As the title says, I want to prove that $\frac{n^{p+1}}{p+1}$ < $\sum_{k=1}^{n}{k^p}$ <$\frac{(n+1)^{p+1}}{p+1}$ $\forall{p,n\in{N}},p\ge2$
The problem is in a section on proving various inequalities, and a single page before there was another problem on proving the Faulhaber's formula.
The tip at the back of the book is to use the Bernoulli's inequality.

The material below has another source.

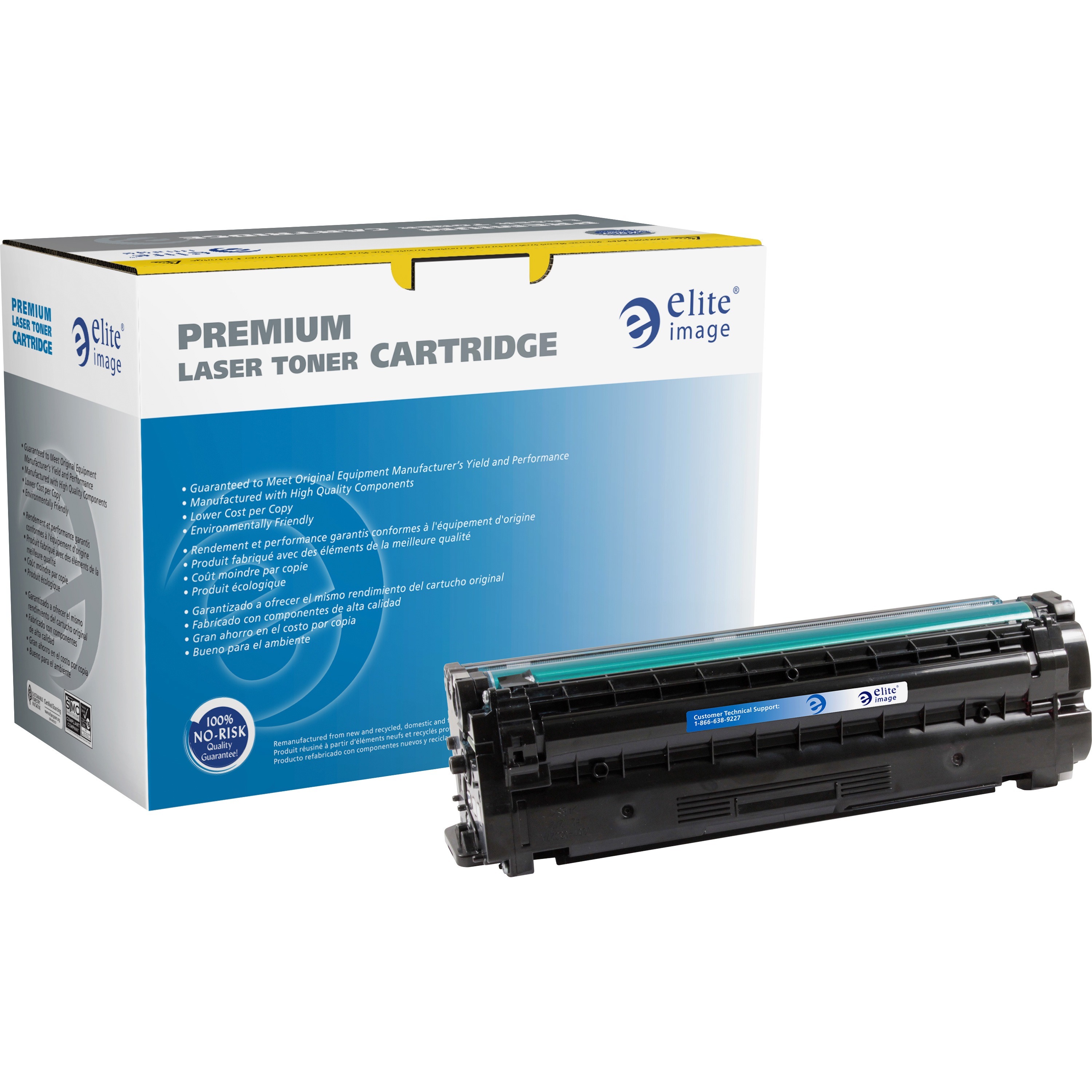 Elite Image Remanufactured High Yield Laser Toner Cartridge CLTM506L - Magenta - 1 Each - 3500 Pages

I tried:
- Expanding the $(n+1)^{p+1}$ term or using Bernoulli's inequality, neither of which lead anywhere,
- Using the fact that $\sum_{k=1}^{n}{k^p}<(\sum_{k=1}^{n}{k})^p$ and then using the Bernoulli's inequality, but that also seems to not lead anywhere,
- Proving for $n=1$, $k=2$, then by induction proving for $n=1$, $k \geq 2$, then proving for all n and k, but i was only able to prove it for $n=1$, $k \geq 2$ since afterwards the expression becomes too unwieldy.

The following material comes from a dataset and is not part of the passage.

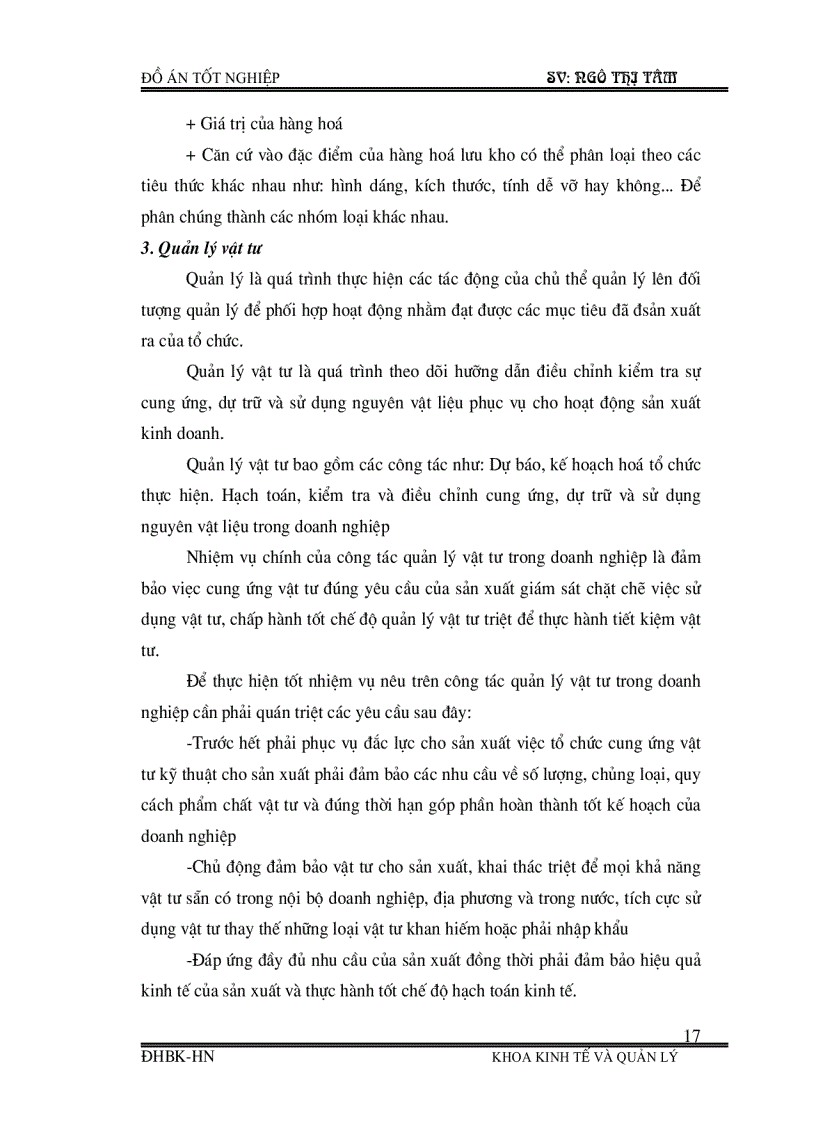 image for page Phân tích tình hình cung ứng dự trữ và sử dụng vật tư và một số biện pháp nâng cao tình hình cung ứng dự trữ và sử dụng vật tư tại Công ty cao su sao vàng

I am not sure how to proceed, and if necessary I can provide my current attempts at solving this thing, although they probably would not be very useful, since they are overly verbose and not very enlightening.
Most likely the solution is somehow derived from using the Faulhaber's formula, multiplying all sides by $p+1$ and then finding some constraints on the bernoulli numbers.
${n^{p+1}}$ < $\sum_{j=0}^{p}{{{p+1}\choose{j}}B_j{n^{p+1-j}}}$ <${(n+1)^{p+1}}$
In the book it is stated that $\sum_{j=0}^{p}{{{p+1}\choose{j}}{B_{j}}=0}$, but since i can not isolate the powers of n from this sum I can not get my head around on how to use it.